Lesson 6: Visuals that Move


A film is never really good unless the camera is an eye in the head of a poet - Orson Welles

In the previous lesson, you learned how to create and compose still-images (photographs). In this lesson, we will move on to moving images.

When we think of moving images, we usually think about videos, cartoons, and animations. These images appear to move in front of our eyes. However, they do not really move. When we watch a cartoon, movie, or animation, an illusion of motion or movement is created by playing a set of images at a certain frame rate. This makes our eyes believe that they move.

When we see images at a low frame rate, our eyes do not believe this illusion as we see the images jump from one to the next. When you increase the frame rate, the images appear to move fluidly in front of our eyes. In general, film is shot at 24 frames per second whereas normal video is shot at 30 frames per second.

When you look at movies, cartoons, or other video clips, you probably noticed that they do not show the whole movie or cartoon as one continuous shot. Instead, videos are usually split up into a sequence of many shots.

Reflection activity:

Turn on your television, open a television show on Netflix, or play a movie that you have on a DVD. Set a timer to one minute. How many different shots did you see in total for the minute that you watched? Was this more or less than you expected? When looking at these shots, do they have different sizes and show different angles (are the subjects filmed from far away, close up, from underneath, above, or a combination of these)?

As you participated in the reflection activity, you may have noticed that there are more shots in a video than you may initially have thought or noticed before. Generally, video is made to look as natural as possible, even though shots are usually very carefully constructed. Often, individual shots are filmed out of order and put back in order later on. They often create an illusion of continuity.

Some people even deny the possibility of film being a form of art. They say that film cannot be art, since it does do nothing but reproducing reality mechanically. When watching a video, it often seems to automatically look natural and “real”, as if we are just looking at the lives of other people and everything that is going on in it through a lens. According to Black (2002), film conveys a realistic effect to its viewers which is no more than a psychological effect whereby film gives the impression of reality narrating itself, causing an illusion of reality.
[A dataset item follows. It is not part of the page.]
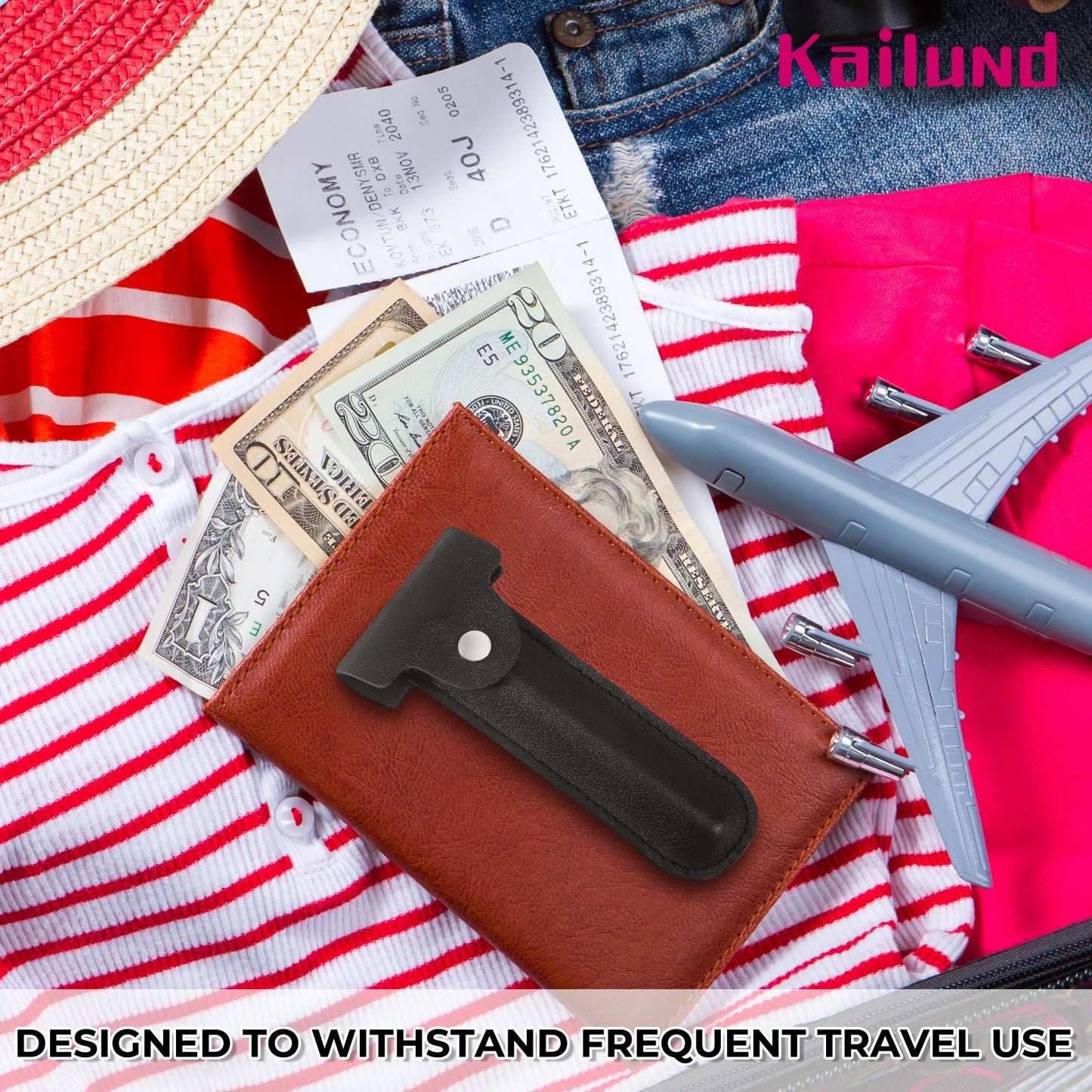 Kailund Razor Travel Case, PU Leather Safety Razor Case for Men, 5.5" Travel Razor Cover with Tight Button Closure, Compatible with Most Manual Razor - Black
In other words, film appears natural, but is it?

While movies seem to be made as if everything looks completely natural, in reality, every single object is carefully placed within the frame. This relates to the French concept mise-en-scène. Mise-en-scène is a French term and literally means “placing or setting on a stage.” Giannetti (2014, p. 46) states that mise-en-scène “resembles the art of painting in that an image of formal patterns and shapes is presented on a flat surface and is enclosed within a frame.” Directors of movies deliberately choose certain lights, people, camera positions and objects to put within their frame. In movies, meaning is created through different elements like posture, camera position, shot size, props (objects), and point of view. In this lesson you will learn about some elements of mise-en-scène. You will learn about different shot sizes, camera angles, and positions and how these may influence the meaning you are trying to convey.